## Work instruction
For the records below, print the lines from the line with "Lululemon Athletica High" through the line with "Casa com 330m²" exactly as written; include both end lines and exclude the rest.
BEGIN
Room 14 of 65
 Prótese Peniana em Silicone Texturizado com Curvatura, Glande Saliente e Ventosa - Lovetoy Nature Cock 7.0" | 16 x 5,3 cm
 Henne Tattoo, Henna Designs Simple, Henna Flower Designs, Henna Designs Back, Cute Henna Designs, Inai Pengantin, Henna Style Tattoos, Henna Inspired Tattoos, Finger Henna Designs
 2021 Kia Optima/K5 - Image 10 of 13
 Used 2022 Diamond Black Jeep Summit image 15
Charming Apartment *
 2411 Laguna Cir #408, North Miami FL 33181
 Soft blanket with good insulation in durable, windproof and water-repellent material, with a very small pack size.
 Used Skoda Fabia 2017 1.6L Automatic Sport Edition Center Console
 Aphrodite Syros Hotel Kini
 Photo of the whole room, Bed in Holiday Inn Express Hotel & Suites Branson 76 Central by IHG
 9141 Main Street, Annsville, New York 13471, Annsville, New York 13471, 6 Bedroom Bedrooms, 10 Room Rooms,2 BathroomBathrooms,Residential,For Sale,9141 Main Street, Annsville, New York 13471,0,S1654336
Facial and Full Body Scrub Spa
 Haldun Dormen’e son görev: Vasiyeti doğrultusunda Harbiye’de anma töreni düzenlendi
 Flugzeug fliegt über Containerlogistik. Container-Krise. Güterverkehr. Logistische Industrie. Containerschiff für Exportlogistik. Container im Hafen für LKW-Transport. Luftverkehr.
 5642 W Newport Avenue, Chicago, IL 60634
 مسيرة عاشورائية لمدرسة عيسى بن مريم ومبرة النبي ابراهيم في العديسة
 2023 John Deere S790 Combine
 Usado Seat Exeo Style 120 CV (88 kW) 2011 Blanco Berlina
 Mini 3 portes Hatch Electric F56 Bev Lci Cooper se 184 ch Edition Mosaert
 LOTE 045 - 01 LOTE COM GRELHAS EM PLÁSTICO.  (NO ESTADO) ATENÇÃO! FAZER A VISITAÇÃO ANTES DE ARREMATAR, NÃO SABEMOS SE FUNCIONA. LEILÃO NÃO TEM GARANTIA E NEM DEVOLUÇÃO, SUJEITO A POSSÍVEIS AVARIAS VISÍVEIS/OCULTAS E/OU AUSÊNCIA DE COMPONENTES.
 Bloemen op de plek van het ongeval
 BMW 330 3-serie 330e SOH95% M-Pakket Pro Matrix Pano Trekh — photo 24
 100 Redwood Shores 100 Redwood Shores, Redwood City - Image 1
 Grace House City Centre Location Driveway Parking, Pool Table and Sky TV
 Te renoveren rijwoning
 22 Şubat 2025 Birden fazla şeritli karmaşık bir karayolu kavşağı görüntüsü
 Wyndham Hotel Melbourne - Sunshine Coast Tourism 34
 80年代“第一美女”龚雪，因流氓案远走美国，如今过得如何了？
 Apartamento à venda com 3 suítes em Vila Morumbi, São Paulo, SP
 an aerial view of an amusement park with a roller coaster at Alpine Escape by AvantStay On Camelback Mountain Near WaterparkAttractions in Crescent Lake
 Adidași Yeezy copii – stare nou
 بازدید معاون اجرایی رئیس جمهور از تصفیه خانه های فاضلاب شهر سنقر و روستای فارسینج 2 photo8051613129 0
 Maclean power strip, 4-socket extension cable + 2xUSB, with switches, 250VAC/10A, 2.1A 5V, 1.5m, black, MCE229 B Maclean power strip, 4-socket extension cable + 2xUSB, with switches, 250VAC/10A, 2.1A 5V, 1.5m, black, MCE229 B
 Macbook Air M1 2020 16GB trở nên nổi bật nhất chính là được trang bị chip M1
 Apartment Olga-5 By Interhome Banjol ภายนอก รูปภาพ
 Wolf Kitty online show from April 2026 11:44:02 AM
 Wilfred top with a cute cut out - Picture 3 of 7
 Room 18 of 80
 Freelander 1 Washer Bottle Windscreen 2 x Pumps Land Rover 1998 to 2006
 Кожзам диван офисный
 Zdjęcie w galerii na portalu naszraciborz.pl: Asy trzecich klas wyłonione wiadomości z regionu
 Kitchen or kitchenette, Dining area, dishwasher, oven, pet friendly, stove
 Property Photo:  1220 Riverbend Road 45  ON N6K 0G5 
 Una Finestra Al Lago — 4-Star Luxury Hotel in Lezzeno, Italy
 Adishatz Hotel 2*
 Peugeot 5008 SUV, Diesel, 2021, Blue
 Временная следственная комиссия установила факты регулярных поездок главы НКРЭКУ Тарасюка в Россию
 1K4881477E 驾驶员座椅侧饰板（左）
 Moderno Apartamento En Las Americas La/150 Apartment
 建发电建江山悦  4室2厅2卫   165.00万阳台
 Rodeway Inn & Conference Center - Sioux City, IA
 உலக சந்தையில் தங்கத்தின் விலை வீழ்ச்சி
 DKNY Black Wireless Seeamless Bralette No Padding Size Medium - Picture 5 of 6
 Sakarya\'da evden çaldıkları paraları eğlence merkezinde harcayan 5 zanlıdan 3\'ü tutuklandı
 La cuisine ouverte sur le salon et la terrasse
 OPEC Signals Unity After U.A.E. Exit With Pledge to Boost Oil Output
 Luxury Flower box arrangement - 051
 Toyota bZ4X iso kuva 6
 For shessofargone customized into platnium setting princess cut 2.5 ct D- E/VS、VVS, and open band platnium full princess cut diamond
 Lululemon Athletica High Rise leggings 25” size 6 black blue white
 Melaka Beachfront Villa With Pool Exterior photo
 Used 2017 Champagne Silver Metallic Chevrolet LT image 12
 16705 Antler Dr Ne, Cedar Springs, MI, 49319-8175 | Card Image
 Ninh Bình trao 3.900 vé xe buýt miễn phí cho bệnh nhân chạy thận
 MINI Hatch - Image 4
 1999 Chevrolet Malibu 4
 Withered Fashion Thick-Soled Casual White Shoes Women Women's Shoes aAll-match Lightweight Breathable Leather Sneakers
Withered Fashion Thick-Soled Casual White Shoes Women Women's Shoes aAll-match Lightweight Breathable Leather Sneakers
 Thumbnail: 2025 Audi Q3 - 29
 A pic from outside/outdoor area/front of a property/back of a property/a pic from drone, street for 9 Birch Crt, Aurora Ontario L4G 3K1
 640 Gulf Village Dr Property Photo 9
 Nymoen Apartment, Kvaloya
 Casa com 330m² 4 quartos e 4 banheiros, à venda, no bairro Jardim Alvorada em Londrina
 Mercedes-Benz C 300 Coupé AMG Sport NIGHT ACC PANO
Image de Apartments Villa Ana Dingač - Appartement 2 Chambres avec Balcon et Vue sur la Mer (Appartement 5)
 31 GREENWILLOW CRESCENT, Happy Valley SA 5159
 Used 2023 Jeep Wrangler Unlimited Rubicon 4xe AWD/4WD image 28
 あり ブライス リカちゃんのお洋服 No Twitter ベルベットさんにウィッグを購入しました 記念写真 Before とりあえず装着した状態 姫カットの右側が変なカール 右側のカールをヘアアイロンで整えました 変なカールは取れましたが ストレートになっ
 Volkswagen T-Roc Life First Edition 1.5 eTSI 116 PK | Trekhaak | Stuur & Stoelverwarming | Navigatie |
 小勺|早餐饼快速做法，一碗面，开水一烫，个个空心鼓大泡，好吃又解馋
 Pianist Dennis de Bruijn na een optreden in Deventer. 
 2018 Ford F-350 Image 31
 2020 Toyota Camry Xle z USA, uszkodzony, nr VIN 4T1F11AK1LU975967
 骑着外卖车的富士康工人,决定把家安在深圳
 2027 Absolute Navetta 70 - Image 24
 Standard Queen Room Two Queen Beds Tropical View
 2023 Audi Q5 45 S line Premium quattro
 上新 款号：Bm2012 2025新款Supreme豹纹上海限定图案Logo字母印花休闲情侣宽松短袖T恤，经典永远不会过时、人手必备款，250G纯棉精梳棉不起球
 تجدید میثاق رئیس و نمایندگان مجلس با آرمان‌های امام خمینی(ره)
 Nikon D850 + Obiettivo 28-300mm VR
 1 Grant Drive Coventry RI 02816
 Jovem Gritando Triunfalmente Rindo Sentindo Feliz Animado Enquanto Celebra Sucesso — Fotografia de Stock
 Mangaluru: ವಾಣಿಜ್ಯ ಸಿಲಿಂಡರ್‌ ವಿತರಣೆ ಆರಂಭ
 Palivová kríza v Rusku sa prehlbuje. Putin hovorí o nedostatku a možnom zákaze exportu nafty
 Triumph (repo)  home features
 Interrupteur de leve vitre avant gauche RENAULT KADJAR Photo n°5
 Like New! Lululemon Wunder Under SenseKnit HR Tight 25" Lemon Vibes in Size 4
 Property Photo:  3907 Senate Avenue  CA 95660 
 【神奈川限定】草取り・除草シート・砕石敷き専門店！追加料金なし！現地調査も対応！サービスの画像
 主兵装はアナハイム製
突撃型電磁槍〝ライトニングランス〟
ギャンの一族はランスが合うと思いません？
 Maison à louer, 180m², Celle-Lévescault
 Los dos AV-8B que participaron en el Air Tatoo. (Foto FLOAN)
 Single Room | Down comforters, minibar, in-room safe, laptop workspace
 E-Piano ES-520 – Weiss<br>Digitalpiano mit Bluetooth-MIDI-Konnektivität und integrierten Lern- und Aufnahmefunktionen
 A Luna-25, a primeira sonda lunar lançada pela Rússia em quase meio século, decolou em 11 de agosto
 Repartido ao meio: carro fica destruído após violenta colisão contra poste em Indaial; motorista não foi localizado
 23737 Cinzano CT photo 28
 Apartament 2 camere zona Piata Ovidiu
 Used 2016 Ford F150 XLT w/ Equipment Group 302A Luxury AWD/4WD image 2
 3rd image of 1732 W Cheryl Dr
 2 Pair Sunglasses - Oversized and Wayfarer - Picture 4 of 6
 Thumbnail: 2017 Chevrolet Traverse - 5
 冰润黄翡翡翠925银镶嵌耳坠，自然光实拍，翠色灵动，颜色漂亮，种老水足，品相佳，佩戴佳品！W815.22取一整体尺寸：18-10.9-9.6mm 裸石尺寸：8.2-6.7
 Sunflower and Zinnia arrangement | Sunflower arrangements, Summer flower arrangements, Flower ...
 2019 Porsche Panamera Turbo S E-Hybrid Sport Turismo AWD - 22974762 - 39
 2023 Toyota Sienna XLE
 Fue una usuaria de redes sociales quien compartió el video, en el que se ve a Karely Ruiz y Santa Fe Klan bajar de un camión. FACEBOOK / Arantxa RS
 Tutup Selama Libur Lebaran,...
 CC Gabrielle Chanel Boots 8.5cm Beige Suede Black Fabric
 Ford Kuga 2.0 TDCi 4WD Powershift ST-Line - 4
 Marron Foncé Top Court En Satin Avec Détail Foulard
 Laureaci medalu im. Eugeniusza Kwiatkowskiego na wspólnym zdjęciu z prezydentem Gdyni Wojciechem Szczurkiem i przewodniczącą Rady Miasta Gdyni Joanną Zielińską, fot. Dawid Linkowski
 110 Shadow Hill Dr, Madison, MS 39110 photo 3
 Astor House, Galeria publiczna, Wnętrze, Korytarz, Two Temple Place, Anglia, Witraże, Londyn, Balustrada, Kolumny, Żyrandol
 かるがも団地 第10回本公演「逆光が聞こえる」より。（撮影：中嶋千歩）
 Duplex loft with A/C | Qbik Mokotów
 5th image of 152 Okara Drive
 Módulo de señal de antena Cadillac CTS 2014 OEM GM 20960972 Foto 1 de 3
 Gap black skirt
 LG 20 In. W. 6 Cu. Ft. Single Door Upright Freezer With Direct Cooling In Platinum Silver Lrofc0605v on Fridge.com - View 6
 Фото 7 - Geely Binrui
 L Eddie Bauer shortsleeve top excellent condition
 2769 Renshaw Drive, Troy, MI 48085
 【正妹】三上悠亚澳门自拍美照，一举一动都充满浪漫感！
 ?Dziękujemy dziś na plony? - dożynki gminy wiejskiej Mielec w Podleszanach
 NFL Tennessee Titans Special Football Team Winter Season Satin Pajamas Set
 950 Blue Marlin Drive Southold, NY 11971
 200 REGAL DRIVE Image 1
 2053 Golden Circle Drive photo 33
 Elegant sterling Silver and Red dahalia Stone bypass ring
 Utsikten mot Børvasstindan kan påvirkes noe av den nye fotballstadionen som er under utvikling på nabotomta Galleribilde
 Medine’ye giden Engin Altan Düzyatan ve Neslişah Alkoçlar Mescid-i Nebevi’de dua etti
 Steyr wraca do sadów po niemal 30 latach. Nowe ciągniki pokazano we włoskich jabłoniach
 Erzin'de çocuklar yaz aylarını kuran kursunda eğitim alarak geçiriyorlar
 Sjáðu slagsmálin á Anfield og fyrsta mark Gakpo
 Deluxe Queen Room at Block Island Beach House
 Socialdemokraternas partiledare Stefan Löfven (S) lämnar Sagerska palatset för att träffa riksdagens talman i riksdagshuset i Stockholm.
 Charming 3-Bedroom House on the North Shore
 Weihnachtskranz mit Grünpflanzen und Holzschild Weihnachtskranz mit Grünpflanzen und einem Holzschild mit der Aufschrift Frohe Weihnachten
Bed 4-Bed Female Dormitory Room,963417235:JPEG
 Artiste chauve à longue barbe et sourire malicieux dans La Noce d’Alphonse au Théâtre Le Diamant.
END
## Written response
 Lululemon Athletica High Rise leggings 25” size 6 black blue white
 Melaka Beachfront Villa With Pool Exterior photo
 Used 2017 Champagne Silver Metallic Chevrolet LT image 12
 16705 Antler Dr Ne, Cedar Springs, MI, 49319-8175 | Card Image
 Ninh Bình trao 3.900 vé xe buýt miễn phí cho bệnh nhân chạy thận
 MINI Hatch - Image 4
 1999 Chevrolet Malibu 4
 Withered Fashion Thick-Soled Casual White Shoes Women Women's Shoes aAll-match Lightweight Breathable Leather Sneakers
Withered Fashion Thick-Soled Casual White Shoes Women Women's Shoes aAll-match Lightweight Breathable Leather Sneakers
 Thumbnail: 2025 Audi Q3 - 29
 A pic from outside/outdoor area/front of a property/back of a property/a pic from drone, street for 9 Birch Crt, Aurora Ontario L4G 3K1
 640 Gulf Village Dr Property Photo 9
 Nymoen Apartment, Kvaloya
 Casa com 330m² 4 quartos e 4 banheiros, à venda, no bairro Jardim Alvorada em Londrina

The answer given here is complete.